Luke mengangguk, "Ya."
"Terus? Gimana ceritanya?"
"Aku suka sama dia. Tapi aku takut. Takut gak diterima."
"Kenapa harus takut? Kalau misalnya dia emang setia?"
"Dia udah suka sama orang lain."
"Kamu tau dia suka sama orang lain dari?"
"Aku suka liat mereka jalan bareng. Tapi aku udah suka sama dia nyaris tiga tahun. Cuma ya takut aja." Aku mengangguk-angguk pasti, "Aku harus gimana?"
"Kenapa gak coba untuk bilang kalau kamu suka sama dia?"
"Aku kan udah bilang aku takut."
"Kalau kamu takut kamu gak akan pernah tahu gimana rasa dia ke kamu."
"Kalau misalnya dia gak suka sama aku?"
"Terus kamu mau putus asa gitu aja? Mungkin dia adalah gadis yang bodoh jika menolak lelaki yang dingin dan mungkin bisa romantis." kataku menahan tawa. "Kamu harus punya cara yang berbeda, mungkin?"
"Seperti?"
"Memberikan hal yang gak kepikiran. Memberikan hal yang unik. Semakin kamu bertingkah, semakin membuat gadis itu penasaran. Sebenarnya seorang gadis diberi apapun pasti suka." kataku pasti, "Siapa sih dia? Gak mau ngasih tau nih?"

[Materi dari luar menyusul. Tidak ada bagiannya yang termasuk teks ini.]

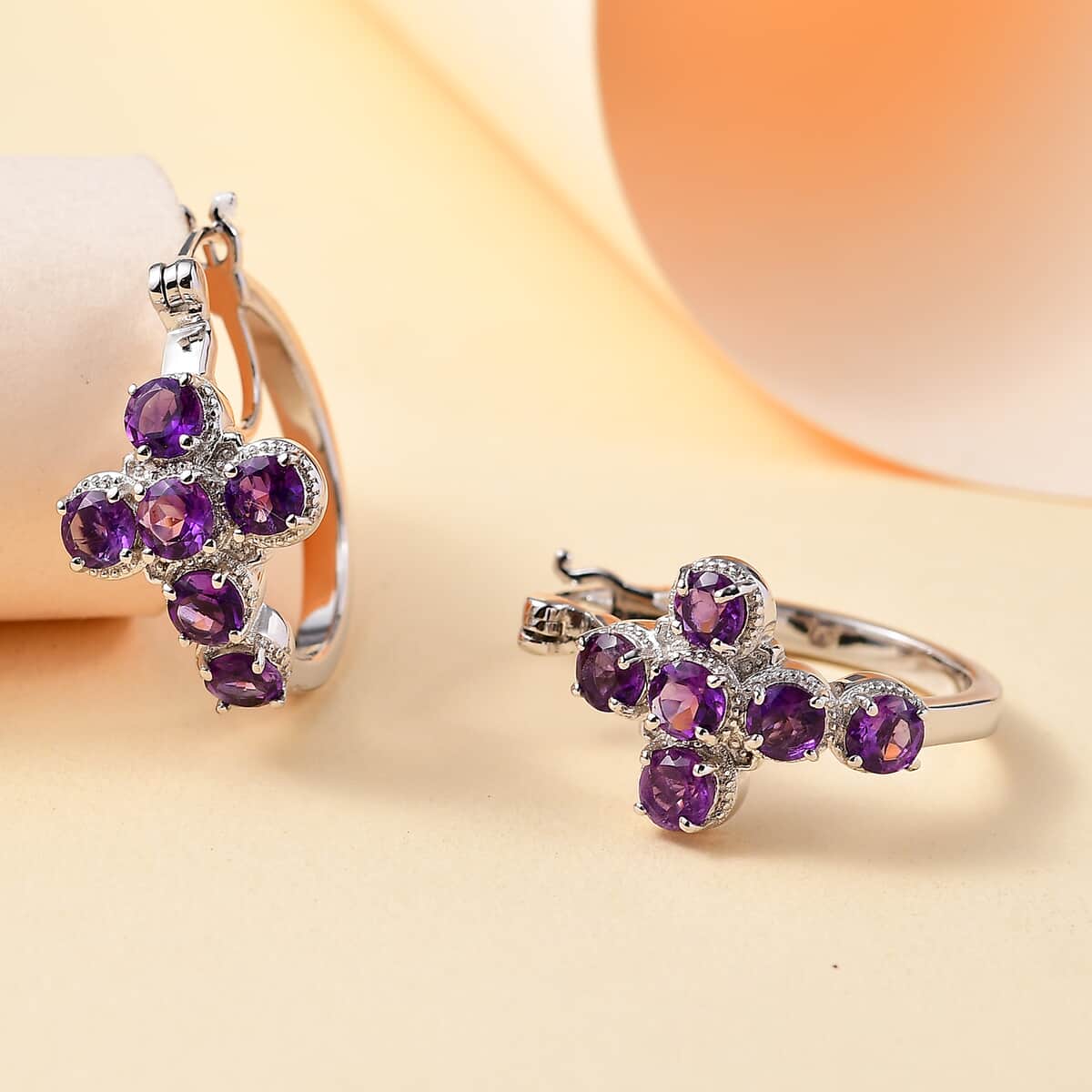 Karis African Amethyst Cross Earrings in Platinum Bond 2.70 ctw image number 1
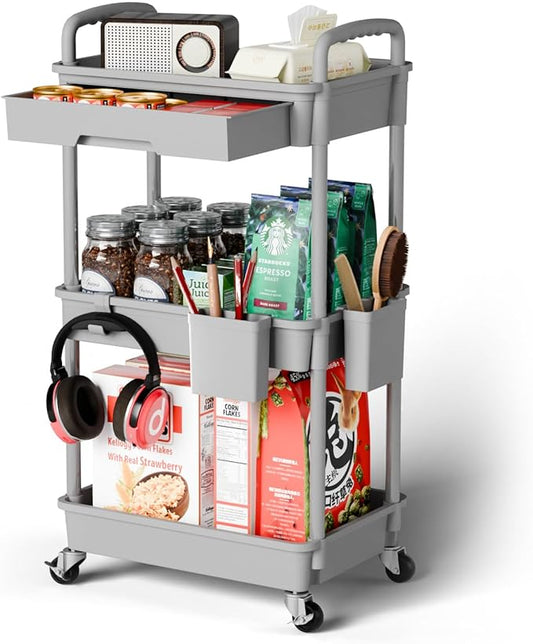 3 Tier Rolling Cart Organizer,Laundry Room Bathroom Organizers and Storage Office Shelves Mobile Shelving Unit Kitchen Trolley Cart with Wheels for Art,Craft,Diaper,Bedside,Snack(Grey)-NeatNest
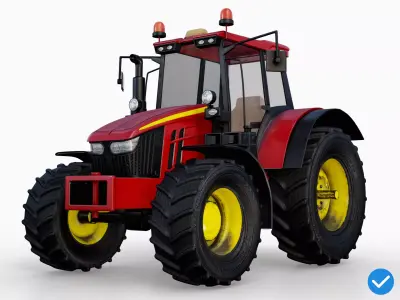 Modern Heavy Agriculture Tractor Red PBR Low-poly 3D model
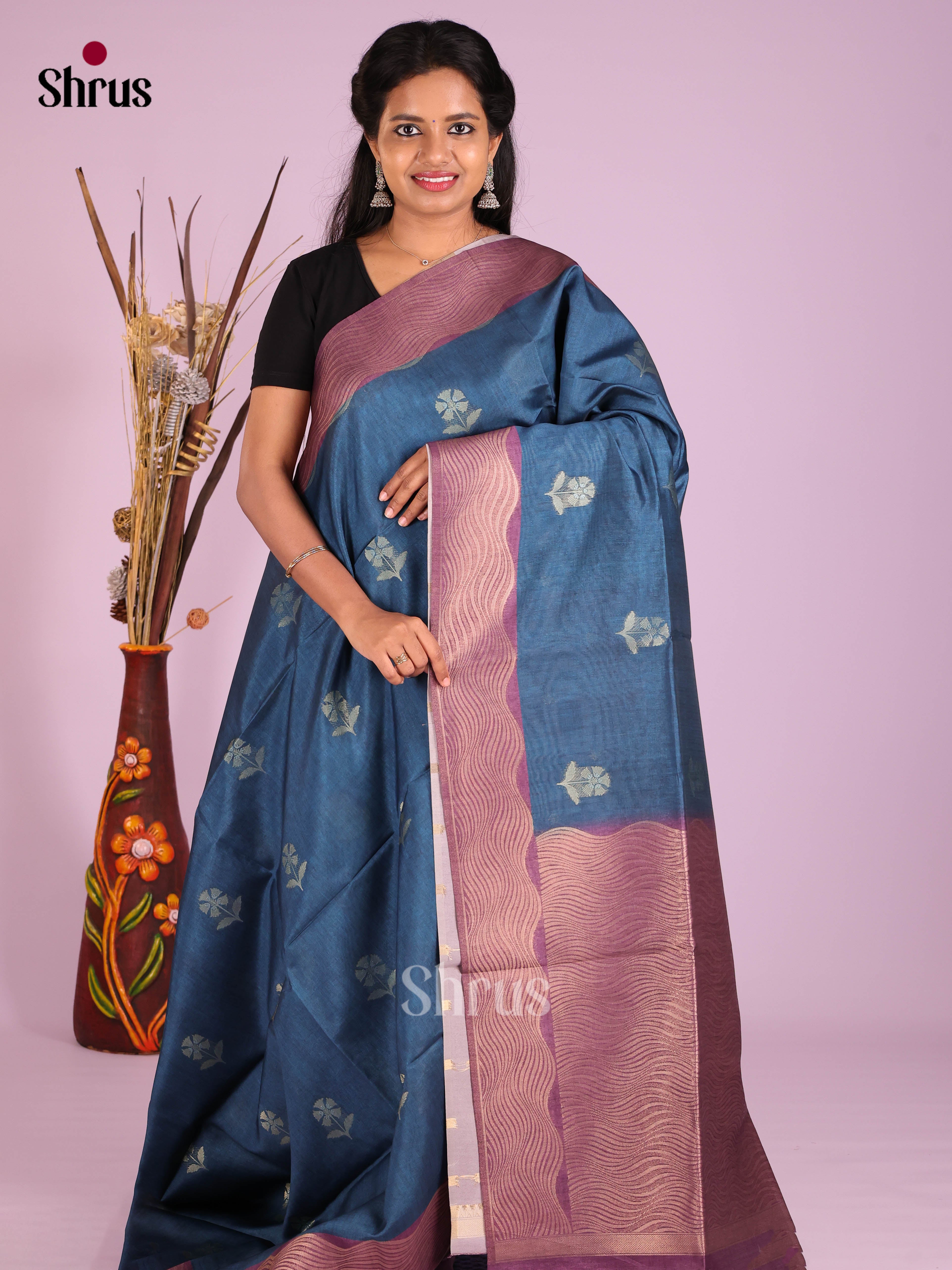 Blue & Purple - Semi Tussar Saree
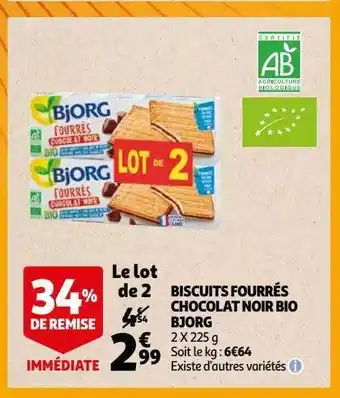Auchan Biscuits fourrés chocolat noir bio bjorg offre
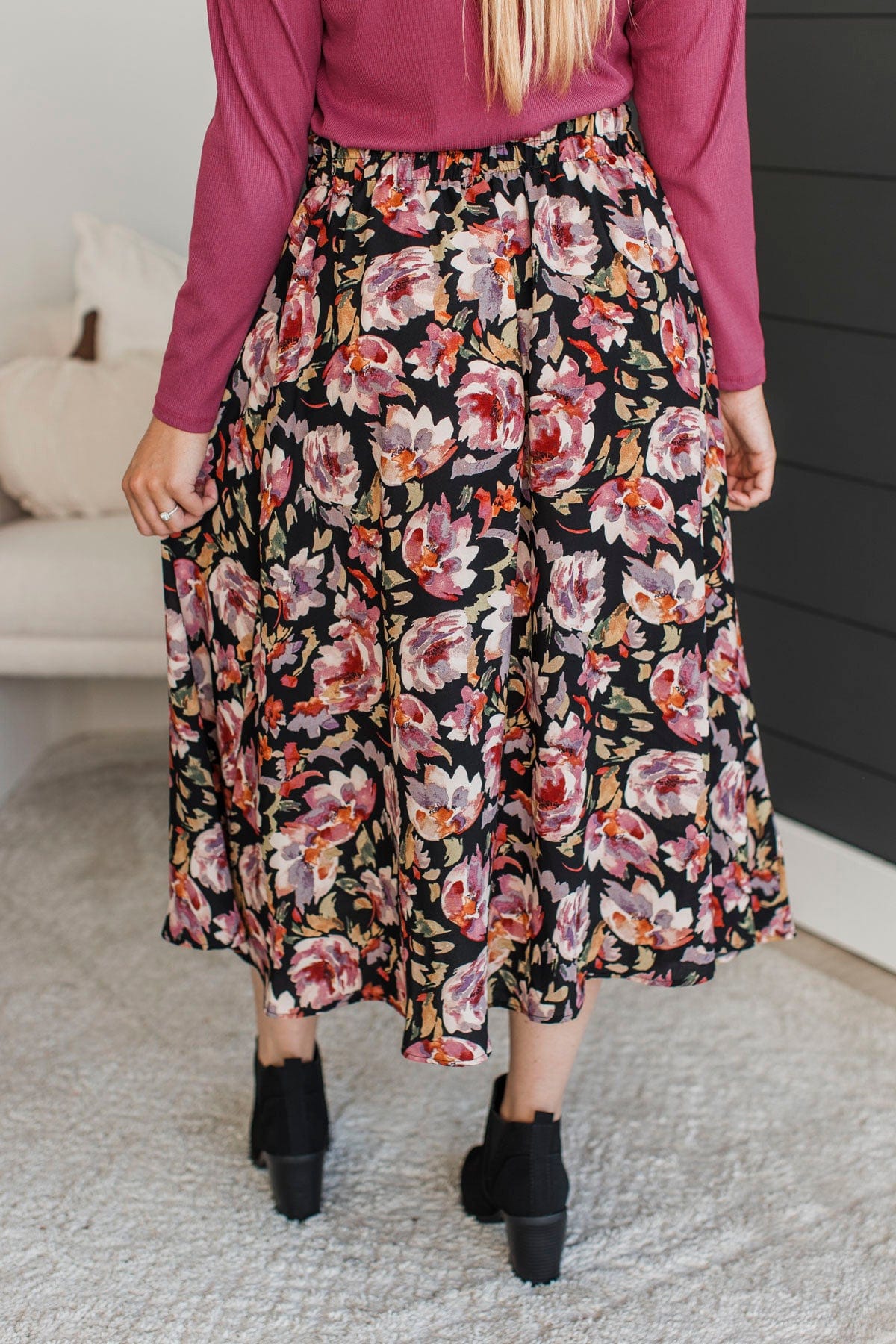 On My Heart Floral Skirt- Black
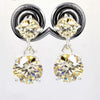 7.00 Ct Certified Champagne Moissanite Earrings in Gold Vermeil For Wedding - GEMHUB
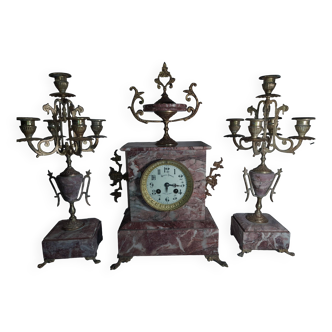 Garniture de cheminée pendule et candélabres Napoléon III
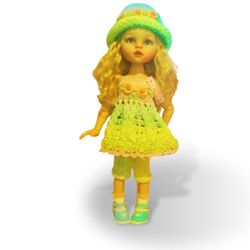 a08 outfit for 13" dolls little darling effner, wellie wishers american girls, ruby red, paola reina. rainbow summer kit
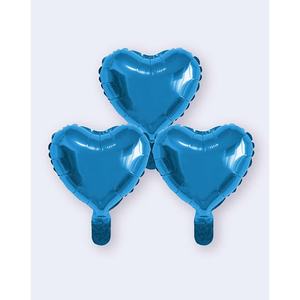 Ballon cœur en aluminium bleu 10 pouces pour décorations de fête - Product Image 1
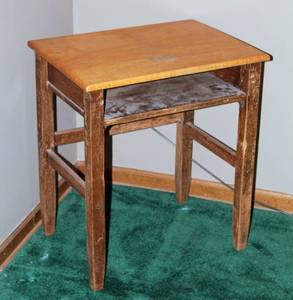 lot 3032 image: Antique Solid Wood Single School Desk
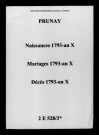Prunay. Naissances, mariages, décès 1793-an X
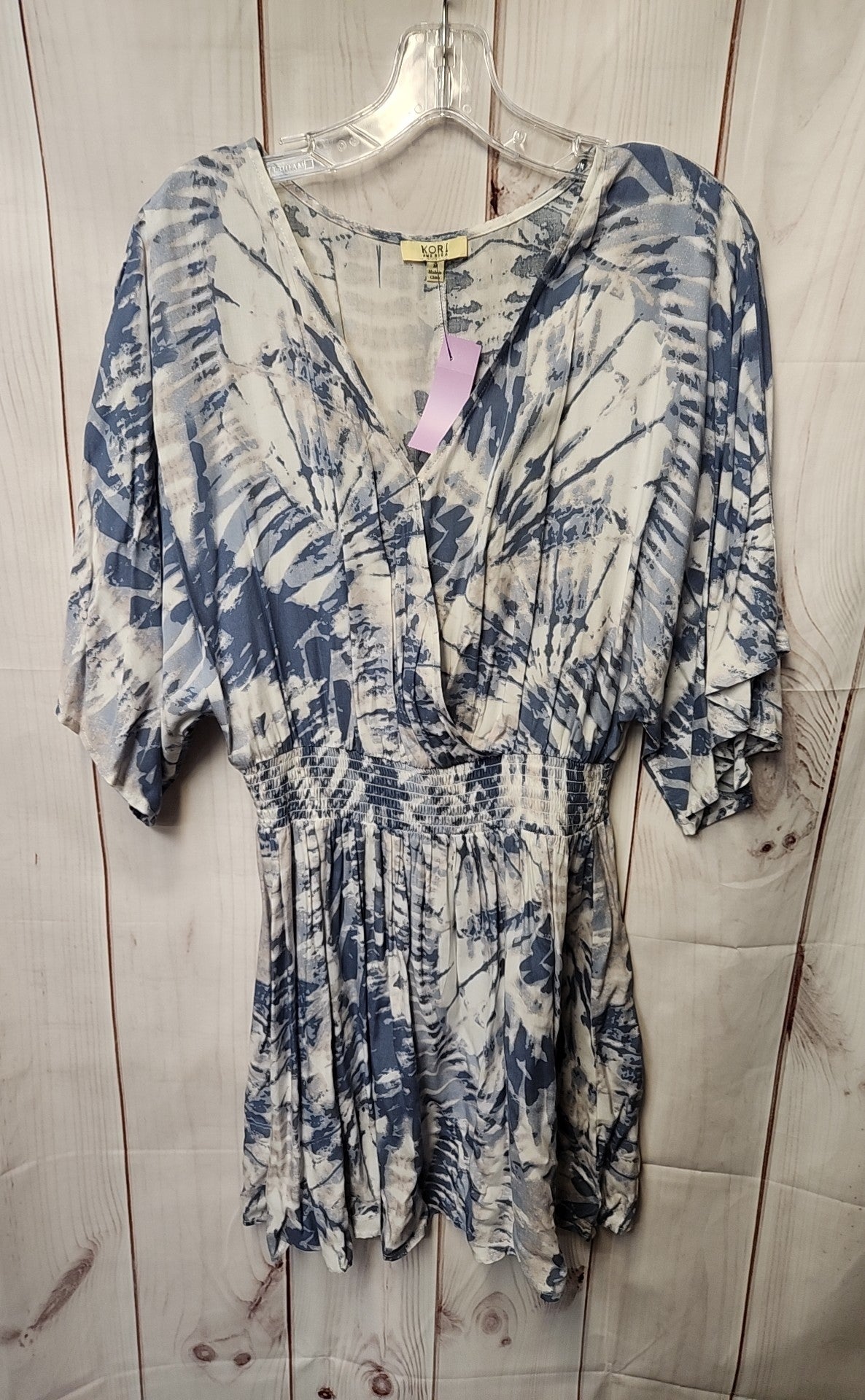Kori Women's Size M White & Blue Tie Dye Dress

Luke tersenyum pasti, "Aku akan memberitahumu besok. Terimakasih untuk sarannya."
--
"Aku pulang!"
Kulihat mama dan papa berada di taman belakang. Aku tersenyum melihat mereka dan segera memeluk satu persatu.
"Mama denger dari pattie kamu udah deket sama justin ya?"
"Jangan sok tahu!" kataku kesal.
"Pattie? Justin?" papa yang lagi baca koran langsung nimbrung.
"Kenapa? Memang mama gak pernah ngomongin?" tanyaku.
"Siapa mereka?"
"Tetangga baru kita. Dia ada di sebrang. Kesana yu pah!" kataku semangat, "Papa belum pernah ketemu kan?"
Mama berdecak, "Kamu itu semangat ketemu justin! Bukan semangat ngenalin papa ke tetangga baru."
Aku hanya tertawa, "Mau gak pah?"
Papa ikut tertawa dan tersenyum, "Nanti deh, papa masih capek. Besok kerja lagi. Kalau ada waktu yang tepat papa pasti dateng." Aku hanya mengangguk berusaha untuk mengerti kesibukannya.
--
Matahari baru muncul, aku membuka jendela tepat saat pintu kamar terbuka.
"Ada kotak di depan, tulisannya buat gaby." kata mia sembari menaruhnya di atas meja. Aku mengerutkan kening dan menghampiri kotak itu. Mia telah keluar. Dengan cepat aku membuka kotak itu.
Sebuah buku.
Buku teka-teki.
Aku mengerutkan kening dan di dalam teka-teki telah dapat secarik kertas.
"Luke?"
Aku melihat buku teka-teki itu. Semuanya telah terisi. Astaga, kuakui dia lelaki dingin yang ternyata gila.